Wednesday, April 11, 2012

Packaging Exam: Part 1

I'm going to start posting questions from my "packaging exam" which I use for screening job applicants for one of our larger customers.  Being that I also work on the packaging and deployment team, I've compiled these questions from past experience as well as past interviews.  The questions are continuously updated, and I can't post all of them, so I'm planning to post just a sampling of them over a few days span.

Scenario:  You've performed an uninstall of a software application which was originally installed from an MSI package.  Afterwards, you've discovered that the product installation folder as well as several files within it and in sub-folders beneath it were left behind.

Question: What is/are the most likely reasons these items were left behind?
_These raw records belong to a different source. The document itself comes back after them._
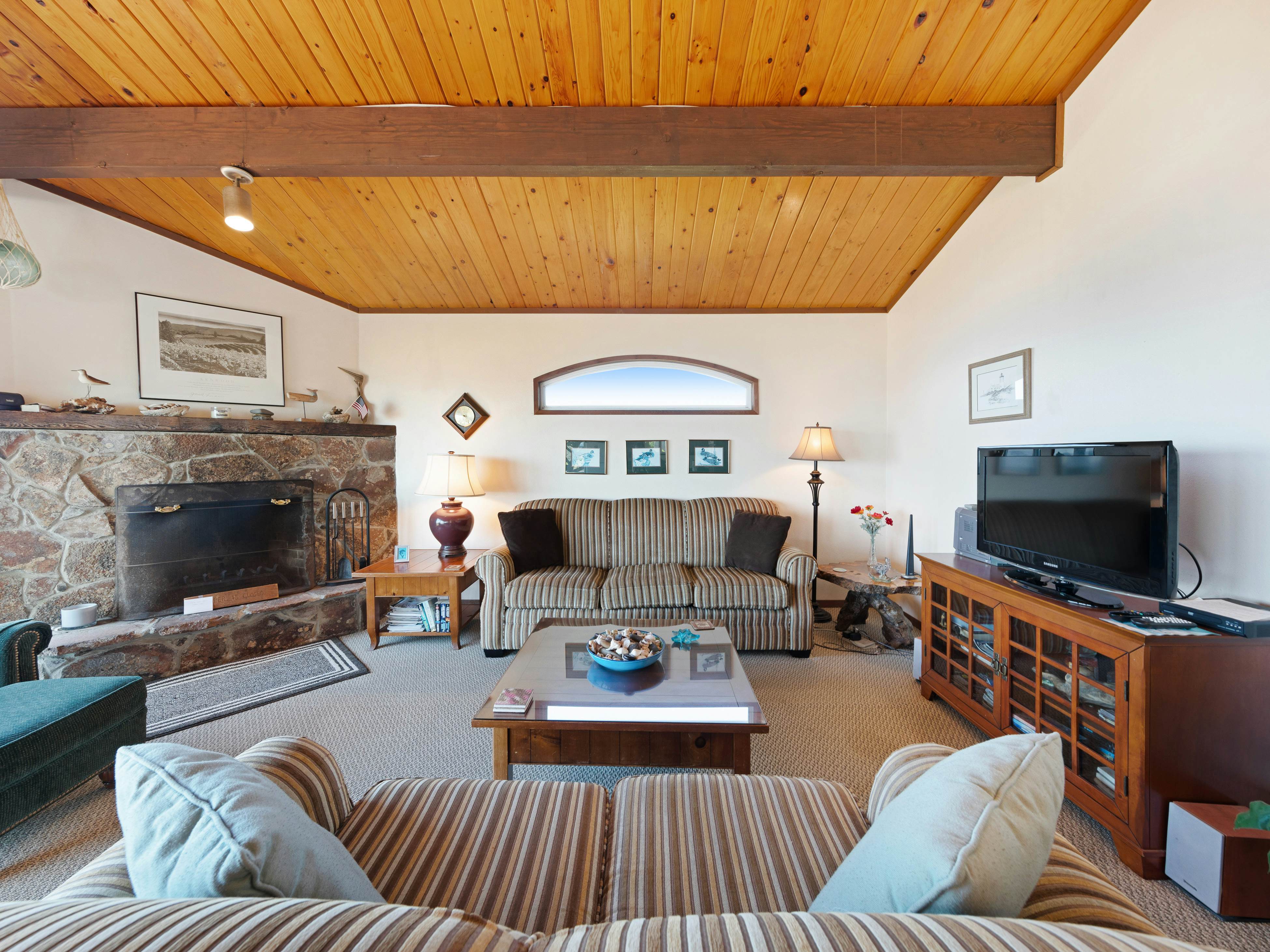 Charming, Oceanfront Home w/ Nearby Beach Access & Amazing Ocean Views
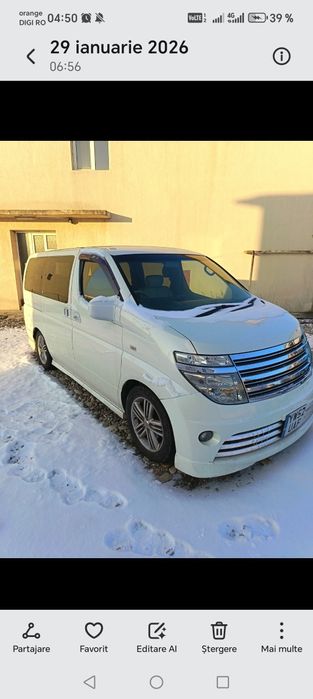 Vând său schimb Nissan elgrad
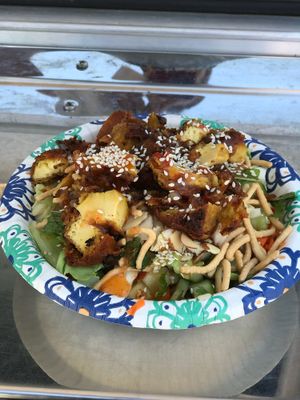 Asian Bowl with Tofu at Wrappin & Rollin in Roseburg
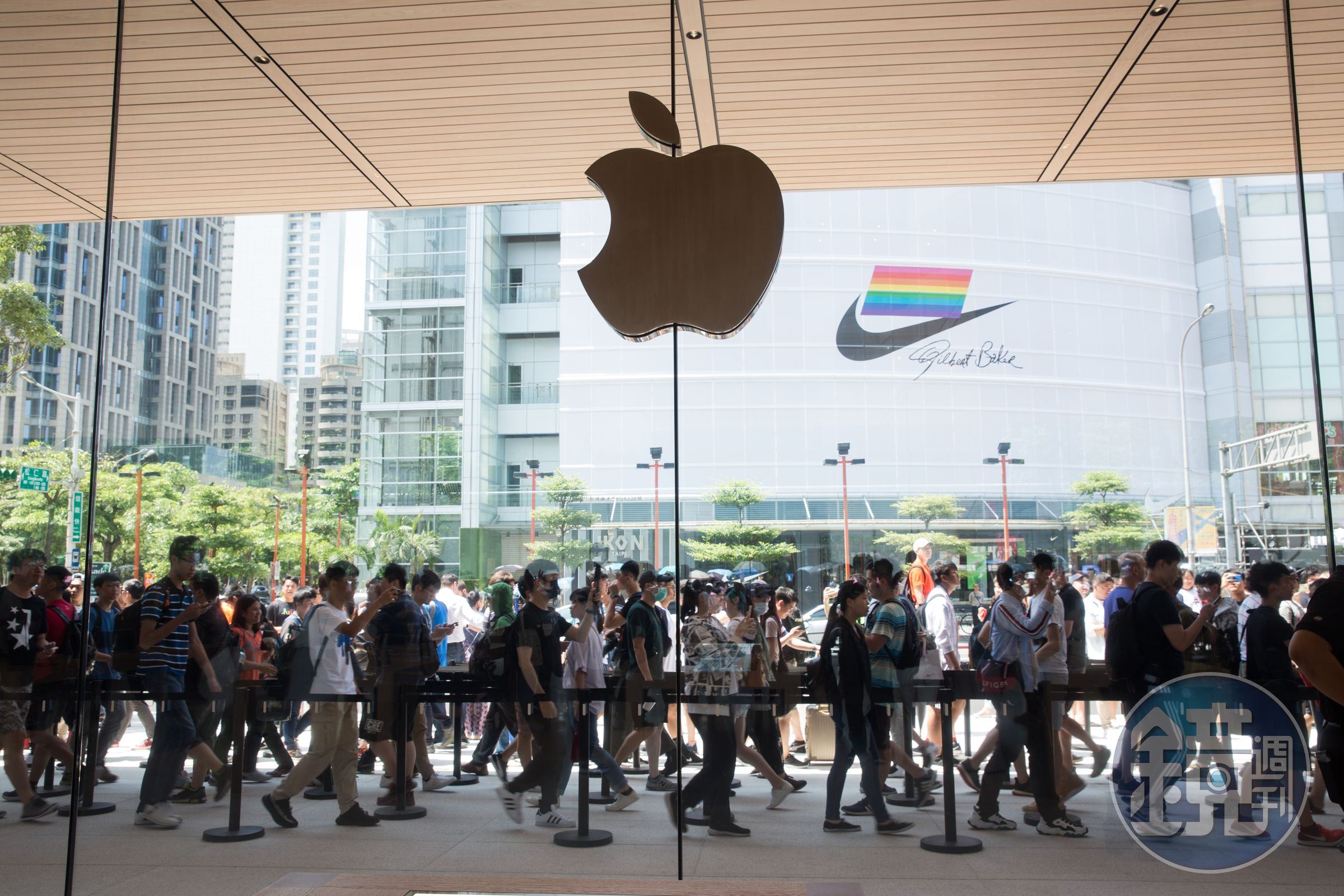 搭載5G的iPhone12將於9月問世，供應鏈面臨大洗牌。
A. The files were added or modified after the initial installation
B. The files were "in use" by another process at the time of the uninstall
C. The files were marked as "hidden" or "system"
D. You ran the uninstall without Administrator level permissions.

Correct Answers:  A, B

Explanation:

A. An MSI installation (Windows Installer) uses a manifest-oriented approach to mapping uninstall processing with the original installation changes.  If objects are added after the installation, they are not considered part of the original installation and are left alone.  Being that they are left alone, the folders in which they reside cannot be safely deleted.

B. Files which are marked as being "in use" by a process (or service, also a process), are locked from deletion.  In order to delete the files, you must stop any services which use the files, and/or terminate processes which are using them.

Comments:

A common approach to performing "clean" uninstalls is to include TASKKILL or (Sysinternals') PSKILL requests to terminate processes, as well as SC or PSSERVICE (Sysinternals) to stop running services, prior to beginning the main uninstall.  This helps to ensure files are not in use while the uninstall is being executed.  Even though many installers will include robust handling of services and processes, many more do not bother.

For removing leftover folders and files, the old "RD" command will usually suffice.  For leftover Registry keys, the REG command is usually sufficient as well.